As Canada’s population continues to age, an increasing number of Canadians are examining their finances and weighing retirement options, but a majority of those who have yet to retire don’t believe they will ever be able to, according to a new survey.
On Tuesday, the Healthcare of Ontario Pension Plan (HOOPP), in partnership with Abacus Data, released the findings of its seventh annual Canadian Retirement Survey, which was conducted in April.
The survey found that among unretired respondents, 59 per cent believe they will never be in a financial position to retire, while 66 per cent believe they’ll need to continue working even if they do retire to support themselves financially.

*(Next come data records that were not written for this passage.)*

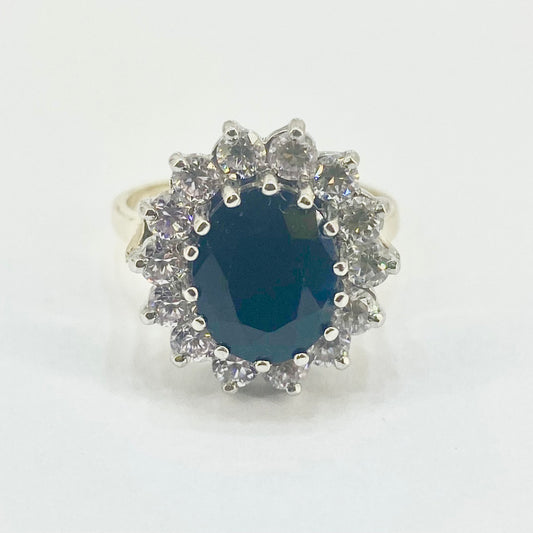 9ct Yellow Gold CZ and Sapphire Cluster Ring Pre Loved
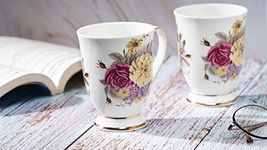 GOLDEN QUEEN'S Footed Series - Milk & Coffee Mug, 300 Ml - Set of 2 (Maroon)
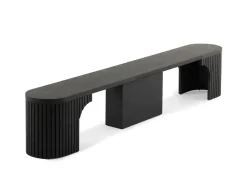 Mor Furniture Dining Benches|Transformer Round Extendable Dining Bench In Smoked Hickory Dark Gray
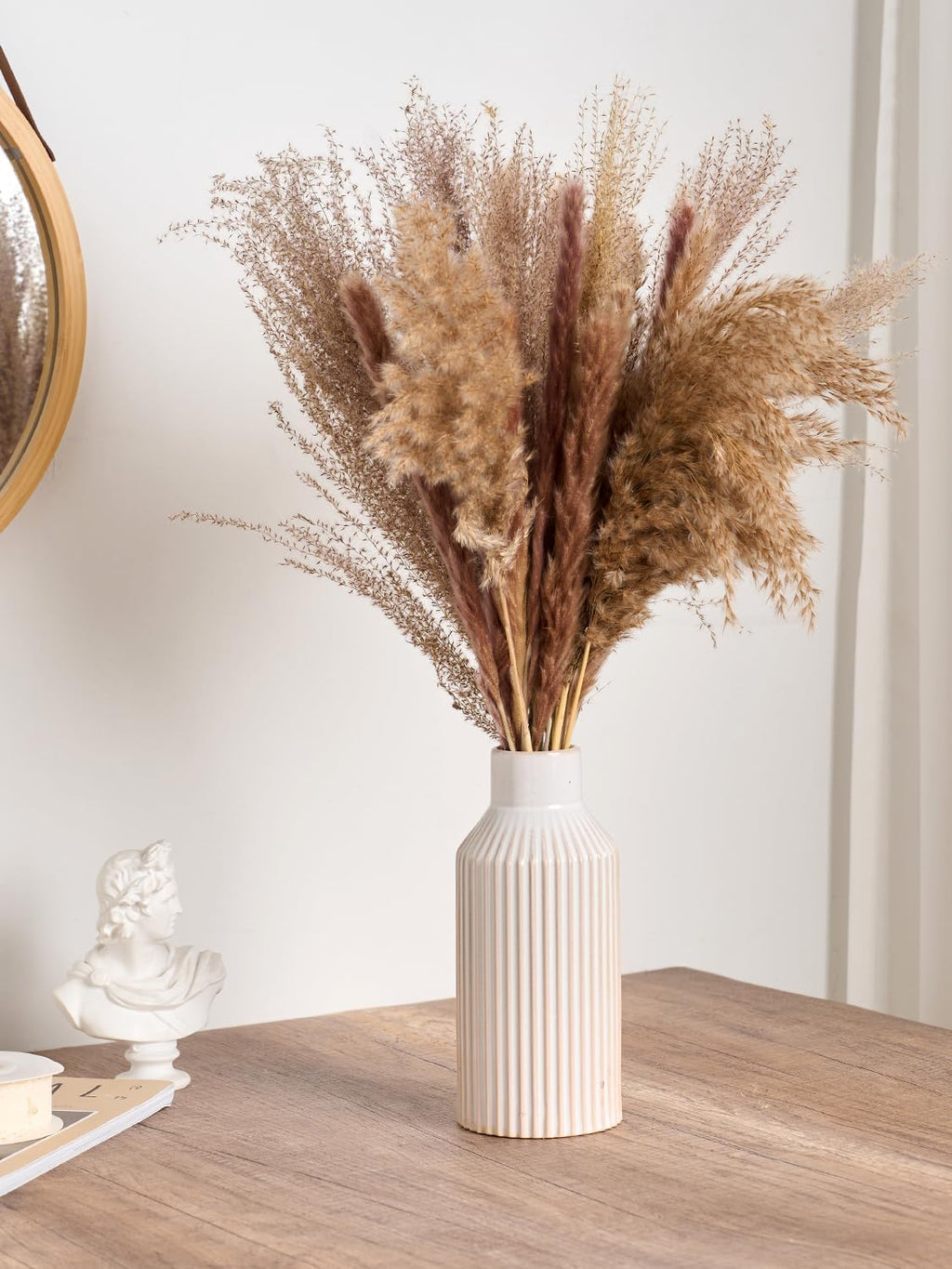 STHIE 8 Inches Ceramic Flower Vase, White Vases for Centerpieces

Many Canadians simply don’t have the means to save for retirement, the survey found. Sixty per cent of respondents reported having no disposable income, with all the money they earn going directly to necessities.
The survey also found that 49 per cent of respondents had not set aside any money for retirement in the past year, while 39 per cent reported having never saved for retirement.

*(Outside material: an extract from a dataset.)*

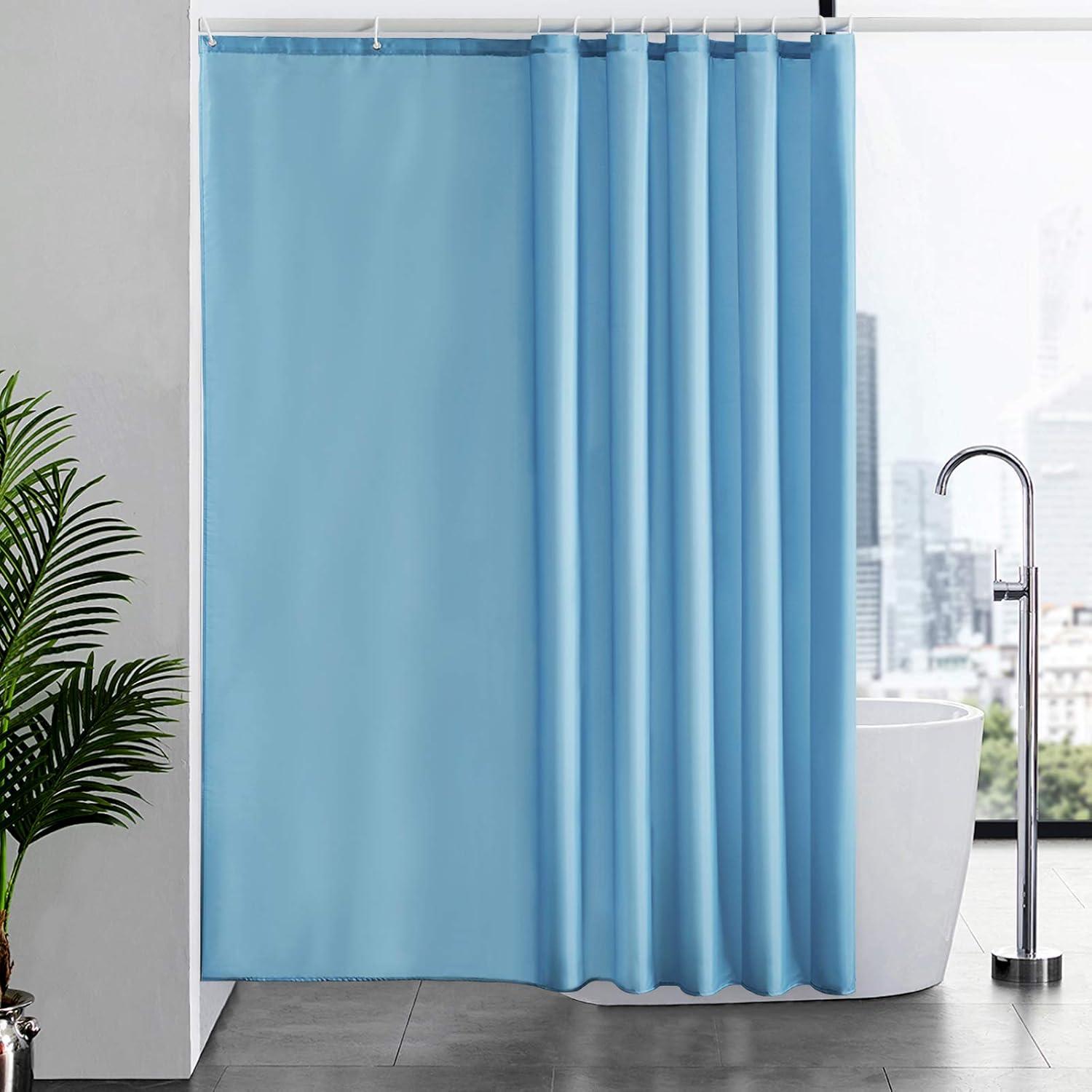 Duschvorhang Anti-schimmel Überlänge Textil Stoff 200x200cm Hellblau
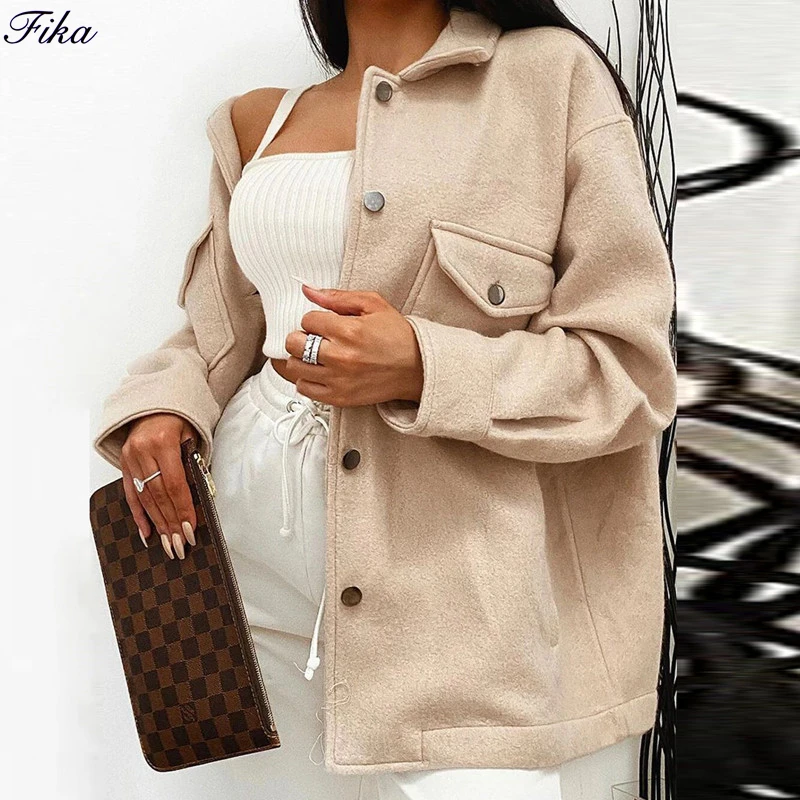 

Year-end Event 2020 Single Breasted Coats and Jackets Turn-down Collar Loose Long Sleeve Casual Wool Winter Jackets for Women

Canadians’ inability to save for retirement is due to a variety of factors including day-to-day living costs, economic uncertainty, inflation, housing affordability and cuts to government healthcare services, according to the survey respondents.
Fifty-five per cent of Canadians described their financial situation as living paycheque to paycheque, up from 48 per cent in the same survey in 2023.
Homeownership
Amongst unretired people, the survey found that there was a stark difference when it came to saving for retirement between those that owned their home and those that didn’t.
It found that 71 per cent of homeowners had set aside money for retirement at some point, compared to only 36 per cent of non-homeowners, the majority of whom reported having never done so.
Sixty-two per cent of survey respondents said they viewed homeownership as a “key part” of their retirement strategy, and half of unretired homeowners plan to set themselves up for retirement by selling their property, according to the survey.
But for those who have yet to retire and currently have a mortgage, the survey found that 65 per cent of them are worried about their ability to pay it off so they can retire when they plan to. That’s up from 51 per cent in 2024 and 45 per cent in 2023.
The survey also found that 66 per cent of mortgage holders have either seen their mortgage payments rise in the last year or expect them to in the next 12 months.
The vast majority of non-homeowners – 84 per cent – worry about the rising cost of rent, and for 66 per cent of them, paying rent is their top financial priority.
Geopolitics and Canada-U.S. relations
The survey found that Canadians are also concerned about the ongoing trade war with the U.S. and global geopolitical instability.
Sixty-seven per cent of respondents said they were “very concerned” with the state of U.S.-Canada relations. Concern over the impact of the trade war between the two countries is highest amongst seniors, but was also one of the top economic worries for Canadians aged 55 to 64.
The implications of U.S. tariffs and prolonged global conflicts have also changed how some Canadians are managing their finances. The survey found that 22 per cent of respondents were putting aside more savings as a result of geopolitical instability.
In a press release discussing the survey’s findings, the CEO of Abacus Data said giving more Canadians access to pensions is one of the best ways to protect against uncertainty.
“When Canadians are feeling even more uncertain about the future as they are now, pensions can offer more certainty about the future,” said David Coletto.
“Policy makers and employers should be taking a closer look at this now, more than ever.”
Methodology
Findings are based on an online survey of 2,000 Canadians aged 18 and older from April 11 to 16, 2025. A random sample of panelists was invited to complete the survey from a set of partner panels based on the Lucid exchange platform.
These partners typically use double opt-in survey panels, blended to reduce potential skews in the data from a single source.
The margin of error for a comparable probability-based random sample of the same size is +/- 2.19%, 19 times out of 20. The margin of error will be larger for data that is based on sub-groups of the total sample.